Supplied data ▸
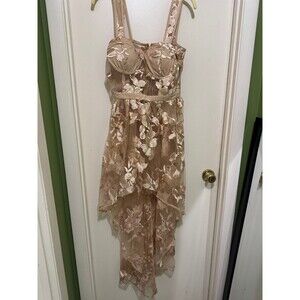 BLITHE LA GOLD HIGH-LOW CORSET GOWN NWT LARGE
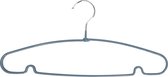 Voordeelset van 10x stuks metalen kledinghangers blauw/grijs 39 x 19 cm - Kledingkast hangers/kleerhangers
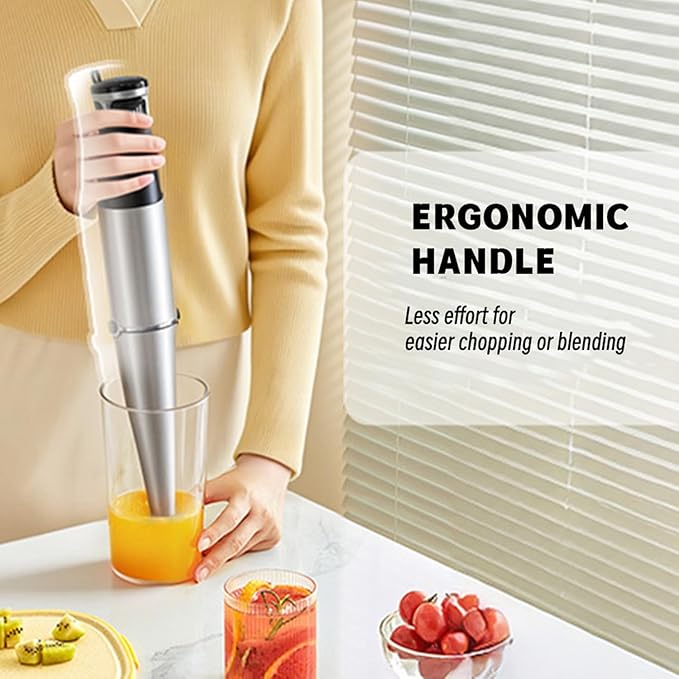 1000W Handheld Immersion Blender Set - 5 in 1 Stick Blender with Chopper Whisk Beaker Frother - Anti-Scratch Non-BPA Hand Blender Kit for Versatile Cooking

Exercise prompt ▸ From the line containing "Voordeelset van 10x" through the last line of the material above, write out each line exactly, leaving aside all pictures.

Response to the exercise ▸
 Voordeelset van 10x stuks metalen kledinghangers blauw/grijs 39 x 19 cm - Kledingkast hangers/kleerhangers
 1000W Handheld Immersion Blender Set - 5 in 1 Stick Blender with Chopper Whisk Beaker Frother - Anti-Scratch Non-BPA Hand Blender Kit for Versatile Cooking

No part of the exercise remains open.